Video Essay. Emergency: Donald Trump’s "Touch of Evil"

What traces of _Touch of Evil_ could be behind the declaration of a border emergency declared by Donald Trump, avowed fan of Orson Welles?
Cristina Álvarez López, Adrian Martin

The 30th entry in an on-going series of audiovisual essays by Cristina Álvarez López and Adrian Martin. 

As is well known, Donald Trump is a big fan of Orson Welles’s Citizen Kane (1941). But, as Errol Morris pointed out (having interviewed him for an unfinished TV documentary segment in the early 2000s), Trump tends to read Kane askew: when prompted by Morris to offer Charles Foster Kane some life advice, Trump confidently replied: “Get yourself a different woman.”

Our agitprop audiovisual essay, started on the day of Trump’s recent “declaration of emergency” and concerning the border between Mexico and America, begins from this wild speculation: if Trump, in his announced Welles fandom, has ever seen Touch of Evil (1958), what mangled trace of it could remain embedded in his imagination? 

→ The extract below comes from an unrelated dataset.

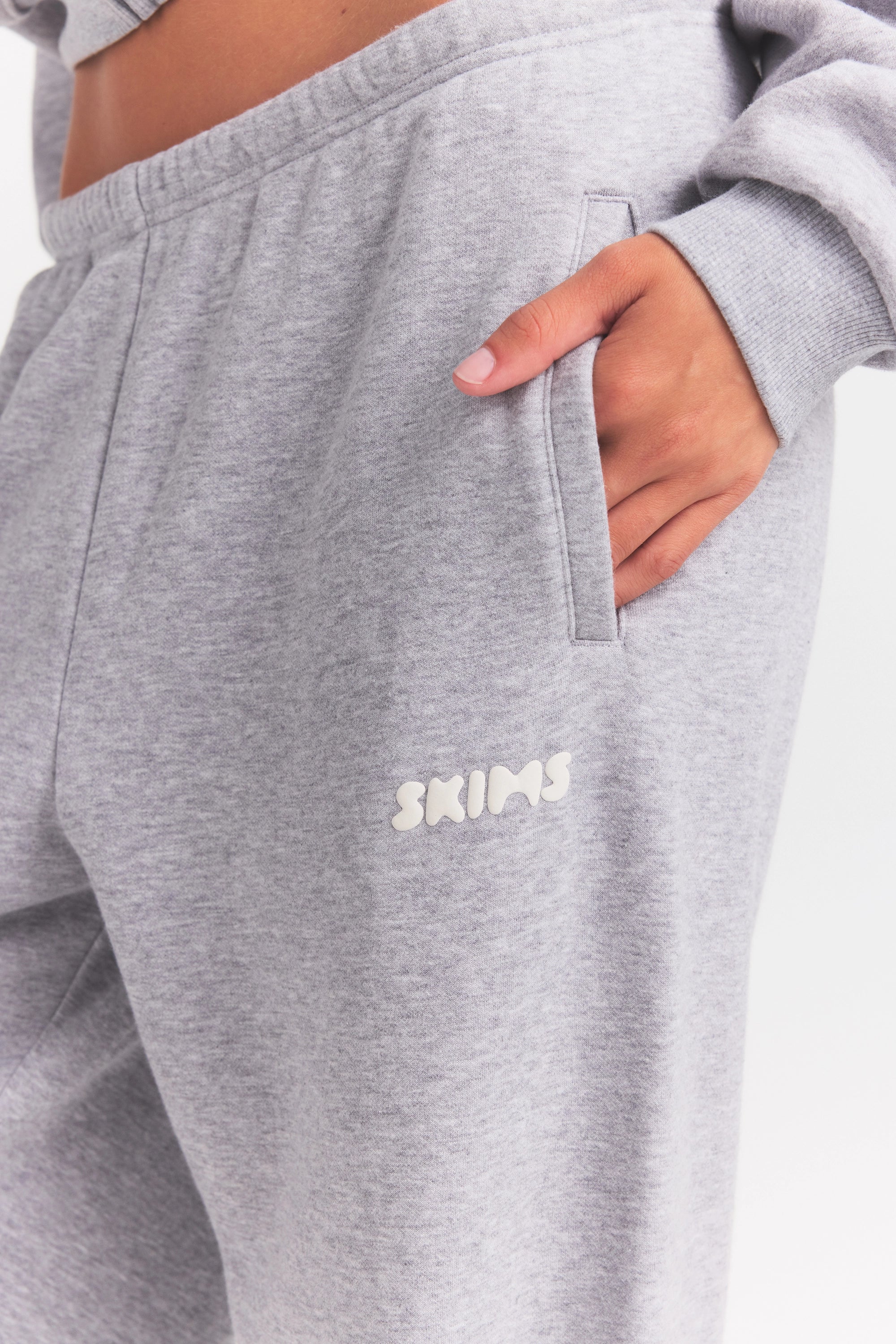 COTTON FLEECE JOGGER WITH EMBOSSED LOGO | HEATHER GREY ON A MODEL SIDE VIEW @ | FOCUS: 0.0, 1.0, 0.9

We are not equating the mindsets of Trump and Welles here. Touch of Evil is a complex film. As many intelligent B-movies (by Samuel Fuller, Phil Karlson, or Joseph H. Lewis) do, Welles began from frankly sensationalist depictions of race, sex, law, and crime. The film features blackly comic, verbal jokes about death and dismemberment; and racist slurs—such as Susan (Janet Leigh) indifferently referring to any Mexican male she encounters as “Pancho”—abound. Welles was unafraid to evoke situations of violation, drug abuse, “wild parties” of every kind—even though, in the fine detail of the plotting, almost all of this is a type of theatre, faked for incriminating show by a network of conniving characters. Some viewers routinely recall the film as being more shocking and graphic than it actually is, always a sure sign of effective cinematic craft.  

Touch of Evil knowingly plays with fire because it deals with transgression and abject confusion on at least three levels simultaneously: geographical (constantly passing back and forth across the Mexican/American border), bodily (not only the frightful specter of drugs and rape, but also a repertoire of corporeal states such as obesity that are rendered in a deliberately grotesque fashion), and ideological (tortuous paradoxes of law and justice, innocence and guilt). Perhaps Welles’s most daring gamble was in investing the unlovely anti-hero that he himself incarnates—the crooked cop Hank Quinlan—with a tragic, Shakespearean aura. No less a critic than André Bazin, in a possibly delirious moment, even found Quinlan to be both “weaker and stronger” than normal citizens, “stronger because directly in touch with the true nature of things, or perhaps one should say, with God.”

As that example shows, no film, however brilliant, can hope to control all the projections it prompts. Touch of Evil, accessing with a vivid, melodramatic flair the state of hysteria and paranoia known as “border panic,” can imaginably trigger both progressive and reactionary responses. If Trump believes (as he gleefully boasted in his speech) that declaring an emergency for “virtual invasion purposes” is “a great thing to do,” did he have Welles’s spectacular images of “drugs, traffickers, and gangs” lodged somewhere obscurely in his memory? And is Hank Quinlan the fantasy-solution to the problem?